Scritto da Pastorale Salute il 20/01/2014

17 gennaio 2014

(Foto Laura Moltisanti)

Ottocentomila euro al giorno, questa l’enorme cifra che in provincia di Ragusa viene spesa in gioco d’azzardo. Un giro di affari che ammonta a circa 300 milioni di euro l’anno. Fanno riflettere i dati esposti dal dottor Giuseppe Mustile del Sert di Ragusa.

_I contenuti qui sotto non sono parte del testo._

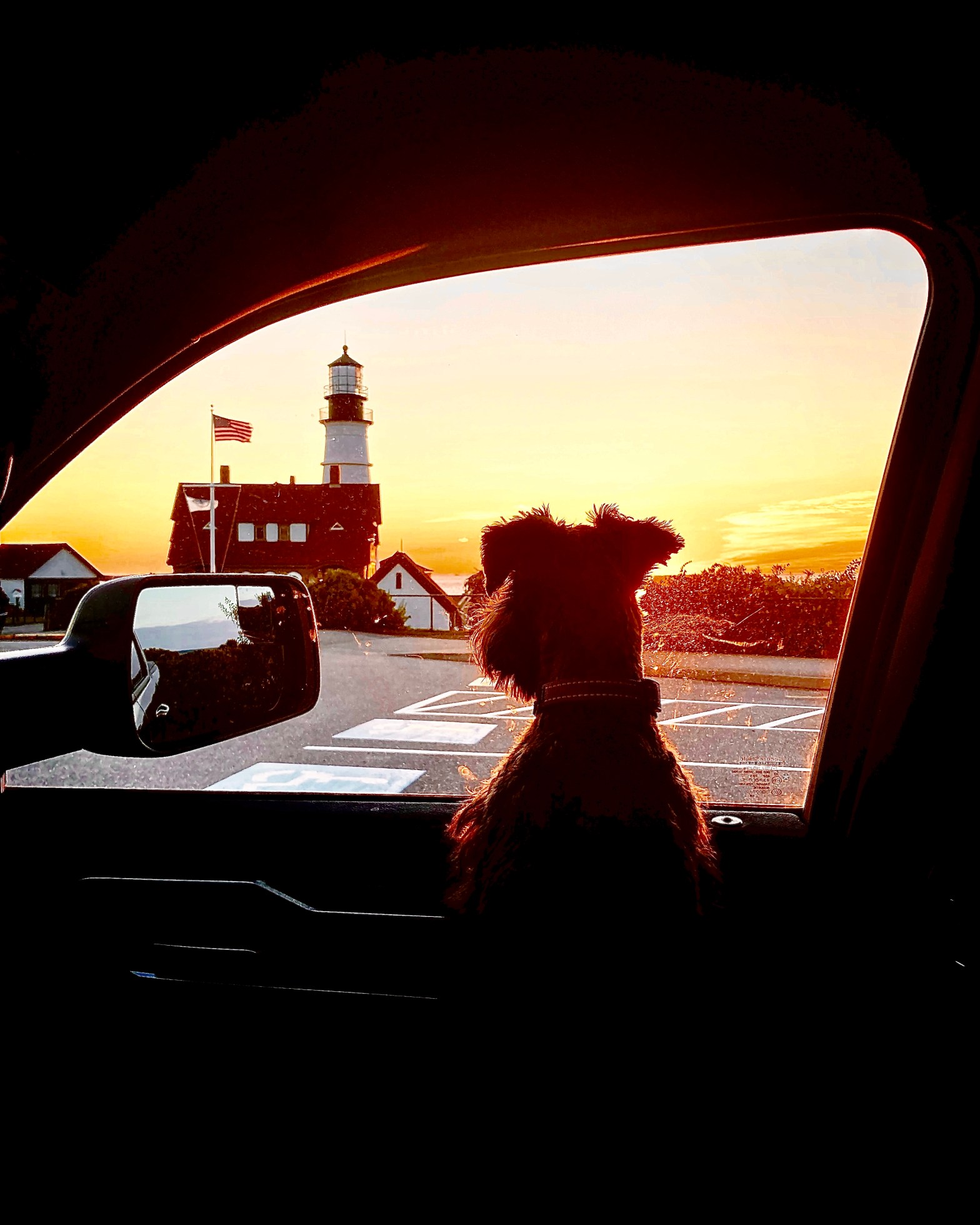 Traveling Tips for Your Dog: Enjoying Adventures Together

Un fenomeno che, quando diventa patologia, ha delle gravissime conseguenze sociali. Per combattere questa emergenza l’Azienda sanitaria di Ragusa ha provveduto a sottoscrivere un protocollo d’intesa che verrà adottato in tutti i comuni della provincia. Presenti alla firma, accanto al commissario straordinario Angelo Aliquò, il vescovo della diocesi di Ragusa Paolo Urso, il direttore della Pastorale della salute Giorgio Occhipinti, la provincia regionale di Ragusa, Confcommercio, l’Ordine dei Medici e Lino Giaquinta in rappresentanza della Conferenza dei sindaci. «Occorre sensibilizzare l’opinione pubblica – ha sottolineato Aliquò – educandola al fine di arginare un fenomeno sempre più vasto che, nella provincia iblea, ha acquisito ormai dimensioni preoccupanti». Intervenire attraverso le diverse competenze, questo il senso del documento redatto in collaborazione con la Diocesi di Ragusa. «Una comunità deve fare rete – ha detto S.E. Mons. Paolo Urso – per arginare un problema di vasta identità. La collaborazione di tutti serve ad intervenire in quelle situazioni in cui è necessario uscire dall’isolamento, salvaguardando la comunità, amandola e preservandola da fenomeni negativi, quale il gioco d’azzardo». Questo è un percorso iniziato già da due anni – ha aggiunto don Giorgio Occhipinti – che ci ha portato a condurre una serie di iniziative, nelle scuole, nelle parrocchie, perché il fenomeno del gioco d’azzardo interessa: pensionati, imprenditori, negozianti, casalinghe. I numeri sono trasversali a ogni classe sociale».